Yes. Bias tends to enter through ambiguity. The less defined your criteria, the easier it is for preference to present itself as judgment.
Okay, so let’s tighten the system. Behavioral questions first. I hear “Tell me about a challenge” all the time, and then… nothing. No follow-up, no depth.
That’s a missed opportunity. Behavioral questions only work if they produce specific evidence. Instead of “Tell me about a challenge,” ask, “Tell me about a time you made a mistake that affected other people. What happened, what did you do next, and what changed afterward?” Now you’re testing accountability, not just storytelling.
The “affected other people” part really changes it. That forces them to go beyond a safe answer.
Exactly. And the follow-up is where the real signal appears. What was your role? What feedback did you receive? What would your manager say you learned? Candidates can rehearse a summary. It’s much harder to construct detailed, consistent answers under follow-up.
So the clever question isn’t the advantage. It’s the discipline afterward.
Usually, yes. The same applies to conflict. Don’t ask, “Are you good with conflict?” Everyone will say yes. Ask for a specific disagreement, how they handled it, and what the outcome was. Then listen for ownership, respect, and whether they can reflect without deflecting.
What about stress? Every role is “fast-paced” now. Apparently every company is dynamic and every team wears multiple hats.
Yes, the universal description. A stronger approach is to ask about a period where priorities shifted quickly. How did they decide what to do first, and what did they communicate to others? That reveals judgment, not just resilience language.
Now technical interviews—this is where things can get… theatrical. Puzzles, trick questions, things that feel impressive but not relevant.
And those should be avoided. Technical questions should reflect the actual work. If the role involves troubleshooting, give a realistic scenario. If it involves analysis, present real data. If it involves writing, ask for a short writing sample. The closer the task is to the job, the more useful the signal.
And for culture questions, we’re not asking if we’d enjoy spending time with them. We’re asking how they work.
Correct. Questions like: what kind of environment helps you perform best, how do you handle expectations outside standard hours, what does effective collaboration look like to you. These surface alignment without requiring similarity.
The after-hours question is a good one. That’s the kind of mismatch you want to catch early, not after someone’s already joined.
Exactly. And then comes the part many teams skip: consistency. Ask the same core questions, use a defined scorecard, and evaluate independently before discussing as a group. You’re building multiple points of evidence around the same decision.
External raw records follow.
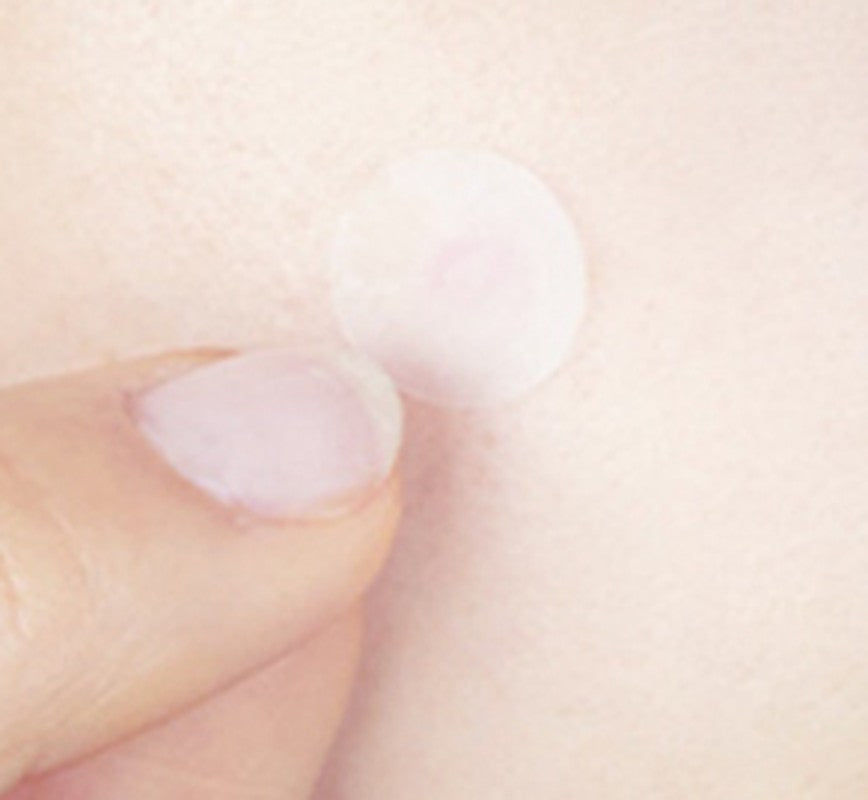 Fingertip pressing a clear patch onto the skin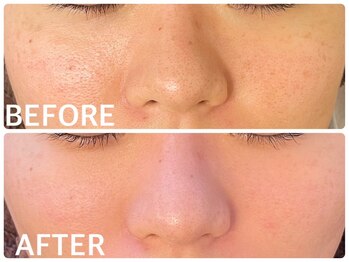 ハーブピーリング 心斎橋/ハーブピーリングで毛穴ケア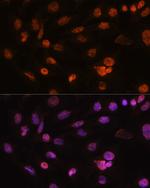 H2AFV Antibody in Immunocytochemistry (ICC/IF)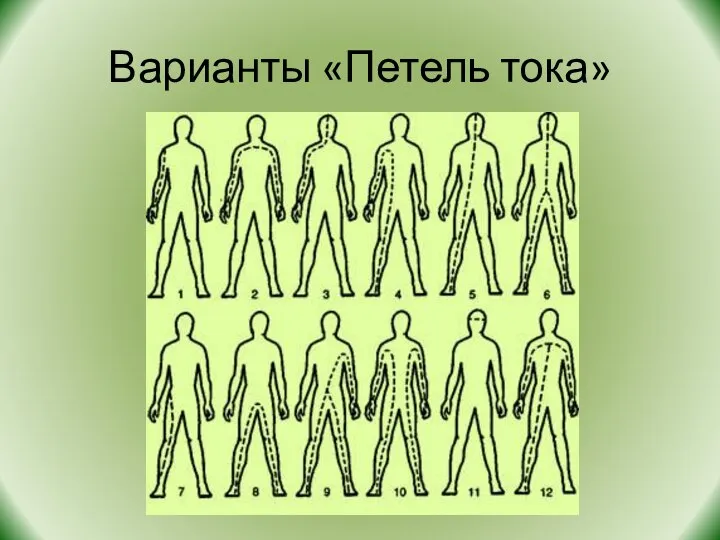 Варианты «Петель тока»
Multiple points of evidence. Not one impressive conversation.
Yes. Hiring should reward evidence, not charisma. And if you’re trying to make that shift—toward a more structured, consistent process—tools like OAD can help. You can test their approach, including behavioral assessments, for free at o-a-d-dot-a-i and start reducing some of that guesswork.
It really comes back to respect, doesn’t it? Respect for the role, for the candidate, and for the cost of getting it wrong.
It does. Every hiring decision shapes the future of the team. If you choose based on evidence, you build capability. If you choose based on comfort, you build an echo.
That’s a sharp way to put it. Thanks for listening to The Science of Leading.